We've all had moments where we're looking at our content analytics and desired user outcomes and thought: "So which piece of content is actually driving user decisions...?"
The answer of course is easier said than done. Which is where attribution modelling comes into play.
What is attribution modelling?
Attribution modelling is the act of creating a process in order to determine specific activity contribution with regard to a user's actions.
For example, if your company produces an ad, a blog, and a whitepaper - you want to know how much each piece influences a user's decision making process.
If the user interacts with the ad, then the blog and then the whitepaper before taking a desired action such as making a purchase - what contribution did each of those pieces of content make in the overall purchase decision?
The answer is - it depends what attribution model you use.
Common Attribution Model Types
Attribution models come in many shapes and sizes. Many people debate the effectiveness of each model, as each model has its pros and cons depending on your individual situation.
If you use Google Analytics, you are likely familiar with the following models:
Last Non-Direct Click: The last non-direct touchpoint a user interacted with.
Last Google Ads Click: The last Google Ad a user interacted with.
First Interaction: The first touchpoint a user interacted with.
Last Interaction: Attribution will go to the last touchpoint a user interacted with.
Linear: All touchpoints a user interacted with receive equal attribution.
Time Decay: The most recent touchpoints a user interacted with receive higher attribution. Attribution decreases the older the touchpoint.
Position Based: The first and last touchpoints a user interacted with receive 40% attribution each, and all touchpoints between them receive the remaining 20% split equally.
Custom: You decide how attribution value is assigned to each touchpoint.
Data-Driven Attribution: Google uses a complex algorithm called the Shapley Value solution to assign incremental credit to various marketing activities along a user's journey. (This feature is only available on Google Analytics 360)
Google is updating its analytics software continuously, but often times change is quite slow. As of writing this, Google has Cross Device Reporting in a BETA release for advertising features to help with more accurate attribution.

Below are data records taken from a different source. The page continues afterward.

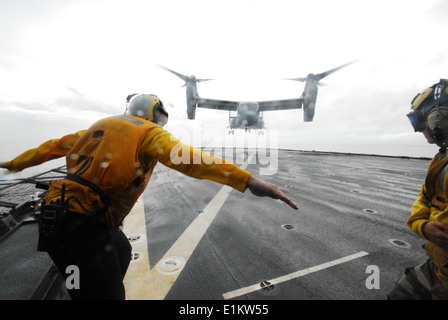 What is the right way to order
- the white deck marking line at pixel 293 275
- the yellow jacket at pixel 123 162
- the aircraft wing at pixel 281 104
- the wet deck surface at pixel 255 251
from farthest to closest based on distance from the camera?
the aircraft wing at pixel 281 104
the wet deck surface at pixel 255 251
the white deck marking line at pixel 293 275
the yellow jacket at pixel 123 162

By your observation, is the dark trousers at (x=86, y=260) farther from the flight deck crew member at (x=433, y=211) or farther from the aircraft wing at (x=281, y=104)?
the aircraft wing at (x=281, y=104)

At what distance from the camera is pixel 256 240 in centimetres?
380

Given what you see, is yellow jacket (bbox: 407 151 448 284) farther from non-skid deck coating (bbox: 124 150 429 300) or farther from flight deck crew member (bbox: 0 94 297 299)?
flight deck crew member (bbox: 0 94 297 299)

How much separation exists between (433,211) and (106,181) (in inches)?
116

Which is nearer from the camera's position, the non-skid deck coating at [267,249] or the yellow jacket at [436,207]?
the yellow jacket at [436,207]

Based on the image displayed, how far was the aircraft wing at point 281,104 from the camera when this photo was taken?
3155 cm

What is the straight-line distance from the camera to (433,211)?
5.91ft

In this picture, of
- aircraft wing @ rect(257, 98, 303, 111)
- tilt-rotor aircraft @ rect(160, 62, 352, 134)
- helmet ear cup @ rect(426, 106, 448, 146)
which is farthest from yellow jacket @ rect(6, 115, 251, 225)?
aircraft wing @ rect(257, 98, 303, 111)

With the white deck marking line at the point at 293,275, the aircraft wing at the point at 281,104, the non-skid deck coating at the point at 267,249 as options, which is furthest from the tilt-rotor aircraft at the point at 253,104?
the white deck marking line at the point at 293,275

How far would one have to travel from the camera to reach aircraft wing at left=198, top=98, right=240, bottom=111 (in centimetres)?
3433

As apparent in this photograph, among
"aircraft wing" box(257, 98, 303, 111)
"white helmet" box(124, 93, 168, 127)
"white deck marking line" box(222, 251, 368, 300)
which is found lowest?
"white deck marking line" box(222, 251, 368, 300)

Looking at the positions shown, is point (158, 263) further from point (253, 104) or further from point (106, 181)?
point (253, 104) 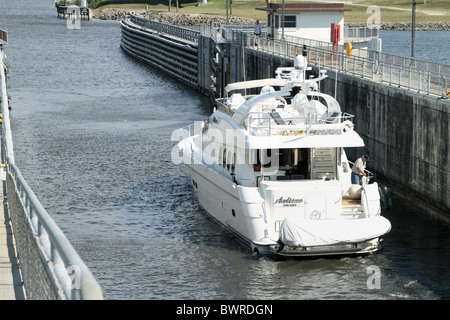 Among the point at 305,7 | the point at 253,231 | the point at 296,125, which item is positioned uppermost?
the point at 305,7

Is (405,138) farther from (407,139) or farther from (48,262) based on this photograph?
(48,262)

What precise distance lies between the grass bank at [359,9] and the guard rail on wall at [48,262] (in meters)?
133

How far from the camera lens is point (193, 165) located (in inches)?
1040

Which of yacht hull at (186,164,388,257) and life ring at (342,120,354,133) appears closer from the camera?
yacht hull at (186,164,388,257)

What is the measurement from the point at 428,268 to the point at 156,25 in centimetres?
6917

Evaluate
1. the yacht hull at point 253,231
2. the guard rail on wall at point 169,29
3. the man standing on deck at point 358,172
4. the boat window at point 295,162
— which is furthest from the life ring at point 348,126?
the guard rail on wall at point 169,29

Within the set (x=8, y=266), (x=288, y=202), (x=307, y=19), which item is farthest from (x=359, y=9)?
(x=8, y=266)

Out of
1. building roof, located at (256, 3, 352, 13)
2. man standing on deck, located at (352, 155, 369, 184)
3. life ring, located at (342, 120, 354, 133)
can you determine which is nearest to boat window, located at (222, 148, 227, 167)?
life ring, located at (342, 120, 354, 133)

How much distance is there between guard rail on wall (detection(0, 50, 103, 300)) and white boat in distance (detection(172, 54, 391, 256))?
834 cm

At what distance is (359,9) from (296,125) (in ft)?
446

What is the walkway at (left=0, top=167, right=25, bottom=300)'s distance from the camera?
12.5 meters

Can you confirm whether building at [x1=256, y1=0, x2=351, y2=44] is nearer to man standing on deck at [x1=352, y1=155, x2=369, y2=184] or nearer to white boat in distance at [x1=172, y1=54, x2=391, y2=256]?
white boat in distance at [x1=172, y1=54, x2=391, y2=256]

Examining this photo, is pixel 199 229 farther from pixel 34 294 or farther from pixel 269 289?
pixel 34 294

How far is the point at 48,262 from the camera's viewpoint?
905cm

If you use Facebook, you are likely familiar with the following model:
Data-Driven Attribution: Facebook uses a form of A/B testing to determine incremental attribution value. By using a control and multiple tests, Facebook calculates which customer journey performs best by comparison.
Essentially, Facebook takes all of the decision making out of your hands, you simply need to keep developing strategies and testing them to continuously improve your marketing. Facebook will keep picking the winning strategy.
If you use Adobe or other services, you have likely seen variations of what are listed above. Simple changes to the curve of the attribution, but not any more insightful.
A/B Testing is the act of comparing 2 more more variations of a single element in your marketing. It is a core principle of optimizing your marketing efforts.
A/B Testing relies on attribution to determine which funnel/customer journey is performing best out of the test. You use these results to optimize your funnel/customer journey to better serve your customers and ultimately improve the impact of your marketing and drive greater user decisions.
Issues With Attribution Modelling
Suffice it to say, there is no one model that can give 100% accuracy when it comes to attribution. The reason being, we have no tangible way to determine the weight of each piece of content a user came into contact with, nor do we have complete access to a user's interaction history.
Adding to this are activities such as:
- Public relations
- Other earned media
- Word of mouth/dark social
- OOH advertising
- Previous campaigns
- Various branding activities
And much more...
It is nearly impossible (unless each consumer specifically tells you) to determine which marketing touchpoint contributed what to the overall user decision.
For example, we may be testing a new series of blog topics to determine which one drives registrations on a website. Before and during this test we have been running a PR campaign, OOH advertising, and digital advertising. Who is to say the PR campaign didn't drive the most value, and the blogs simply acted as a CTA as they were the first touchpoint for the user after searching out the company?
Remember, this is a very simplistic example. In reality, even a small company's marketing efforts will be enormously complex. Being able to assign perfectly accurate attribution is impossible.
Which attribution model should I use?
It depends. It really depends on what your business goals and objectives are. You may wish to use linear attribution on one campaign and custom attribution on another.
The key to success comes in the form of continuous testing and optimization. Both Google and Facebook have tools that assist in this process a great deal (Data-Driven Attribution). However, they can be quite expensive or difficult to use.
You can do it yourself to a degree through A/B Testing to test specific campaign elements. This process can take a long time, but it is worth it to optimize your operations.
The long and the short of it is; you need to test constantly. Not using an attribution model or using one at face value without any thought behind it or testing to confirm its accuracy is a waste of time and money and will impede performance.